• [What is required]
Without altering a word, return the records below, but exclude the pictures.

----

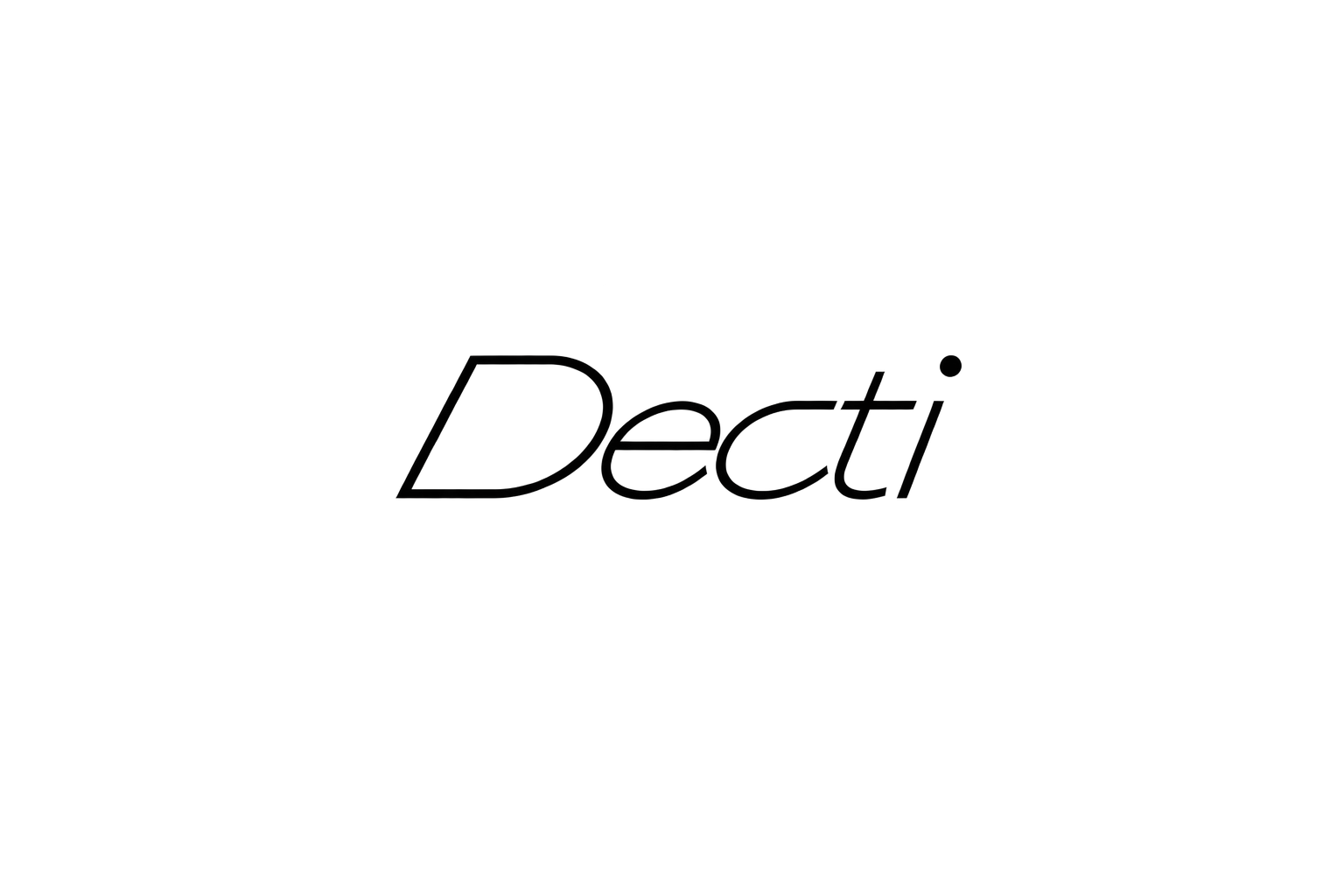 Decti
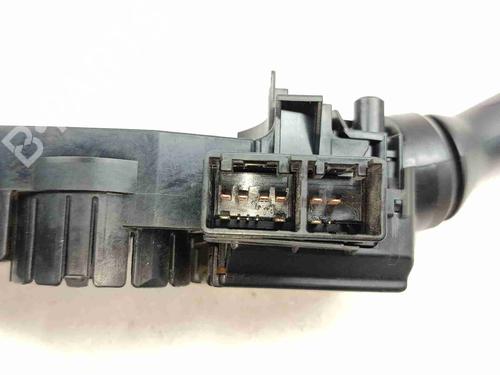 Switch TOYOTA VERSO (_R2_) 2.0 D-4D (AUR20_, AUR20R) | BP36800749I30 - Image 4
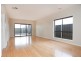 20 Acland Street, Craigieburn VIC 3064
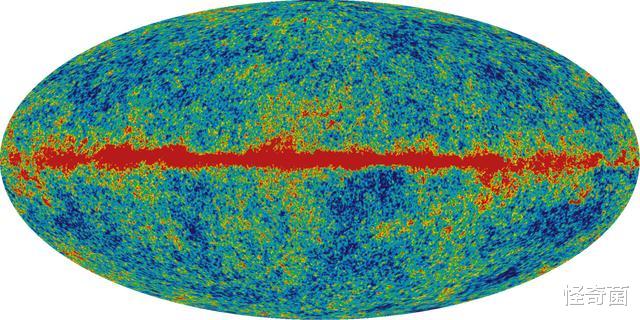 恒星|“玛土撒拉星”之谜:宇宙中为何有比宇宙本身还古老的恒星?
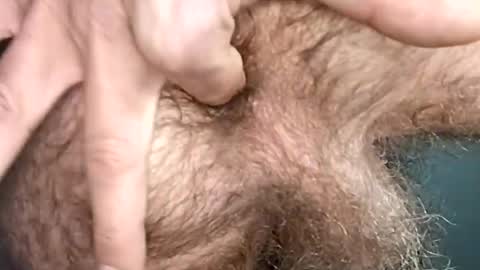 Snapshot of funny_quarantine chatting on March 4, 2025, 10:24 am Italian men online show from March 4, 2025, 10:24 am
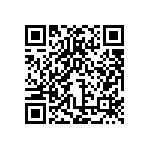 SIT9120AI-1C2-XXE75-000000T QRCode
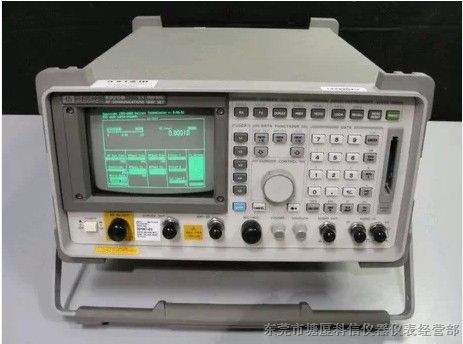 供应销售HP8920A综合测试仪HP8921A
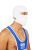 Spandex Mask Fuck One White2.png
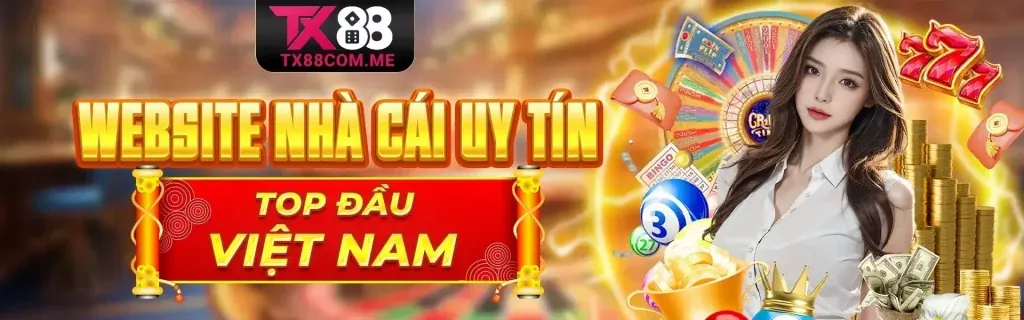 Bắn Cá đổi thưởng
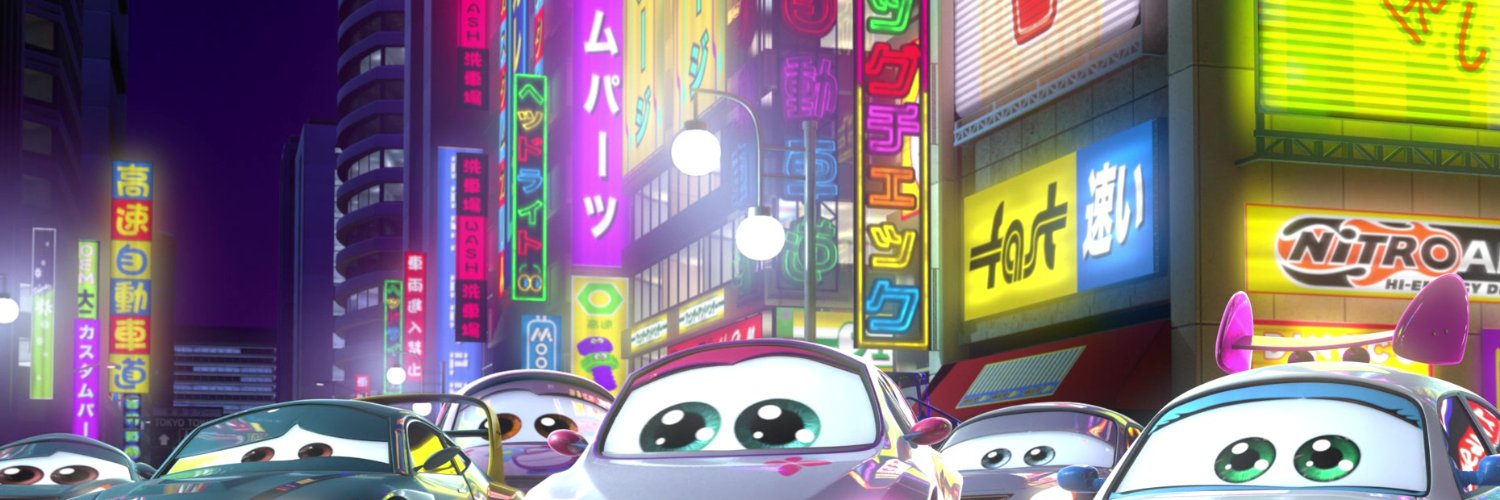 neil peterson banner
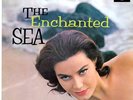 The Enchanted Sea, Martin Denny, New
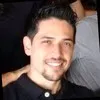 Thiago Oliveira Guelere
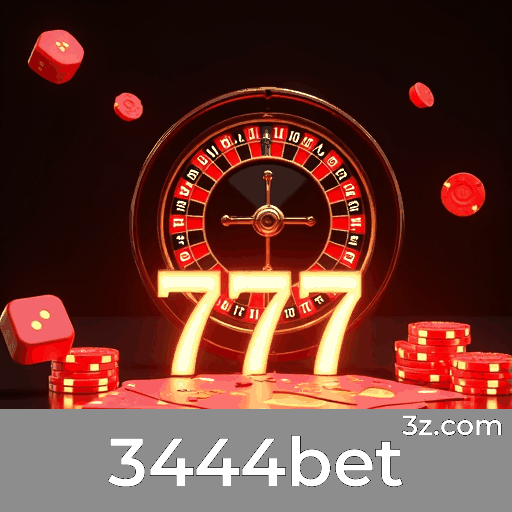 Login Seguro e Rápido no 3444bet para Usuários Brasileiros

----

• [Answer to the exercise]
 Decti
 Switch TOYOTA VERSO (_R2_) 2.0 D-4D (AUR20_, AUR20R) | BP36800749I30 - Image 4
 20 Acland Street, Craigieburn VIC 3064
 恒星|“玛土撒拉星”之谜:宇宙中为何有比宇宙本身还古老的恒星?
 Snapshot of funny_quarantine chatting on March 4, 2025, 10:24 am Italian men online show from March 4, 2025, 10:24 am
 SIT9120AI-1C2-XXE75-000000T QRCode
 供应销售HP8920A综合测试仪HP8921A
 Spandex Mask Fuck One White2.png
 Bắn Cá đổi thưởng
 neil peterson banner
 The Enchanted Sea, Martin Denny, New
 Thiago Oliveira Guelere
 Login Seguro e Rápido no 3444bet para Usuários Brasileiros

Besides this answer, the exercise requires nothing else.